Suppose ab = 1. Then ba = 1, and there are two possibilities for ac. If ac = 1, then we have ab = ac and so b = c, a contradiction. Hence ac = b. There are two possibilities for bc. If bc = 1, then bc = ba and by left cancellation we have c = a, a contradiction. Hence bc = a. Now since c must have an inverse, we have c^2 = 1. Now there are three possibilities for a^2. If a^2 = 1, we have a^2 = ab and so a = b, a contradiction. If a^2 = b, then we have a^2 = ac and so a = c, a contradiction. Hence a^2 = c. But now we have a^2 = c, a^3 = b, and a^4 = 1, so |a| = 4, a contradiction. Hence ab \neq 1.

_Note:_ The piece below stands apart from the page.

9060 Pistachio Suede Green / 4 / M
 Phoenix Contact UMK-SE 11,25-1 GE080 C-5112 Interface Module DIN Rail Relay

Now we have ab = c. There are two possibilities for ba. If ba = 1, then we have ca = aba = a so that c = 1, a contradiction. Hence ba = c. Now there are three possibilities for a^2. If a^2 = b, then a^3 = ab = c, so that |a| = 4, a contradiction. If a^2 = c, then a^2 = ab so that a = b, a contradiction. Hence a^2 = 1. Now there are two possibilities for ac. If ac = 1, we have ac = a^2 so that a = c, a contradiction. Hence ac = b. Similarly, there are two possibilities for ca. If ca = 1 we have ca = a^2 so that a = c, a contradiction. Hence ca = b. There are three possibilities for b^2. If b^2 = c, then we have b^2 = ab so that a = b, a contradiction. If b^2 = a, then b^3 = ba = c and so |b| = 4, a contradiction. Thus b^2 = 1. There are two possibilities for bc. If bc = 1, then bc = b^2 so that b = c, a contradiction. Hence bc = a. Likewise there are two possibilities for cb. If cb = 1 we have cb = b^2 so that b = c, a contradiction. Hence cb = a. Finally, there are three possibilities for c^2. If c^2 = a, we have c^2 = bc so that b = c, a contradiction. If c^2 = b, we have c^2 = ac so that c = a, a contradiction. Thus c^2 = 1.

Thus we have uniquely determined the group table for G, as shown below.

1 a b c
1 1 a b c
a a 1 c b
b b c 1 a
c c b a 1

Note that the group table for G is a symmetric matrix. By a previous result, G is abelian.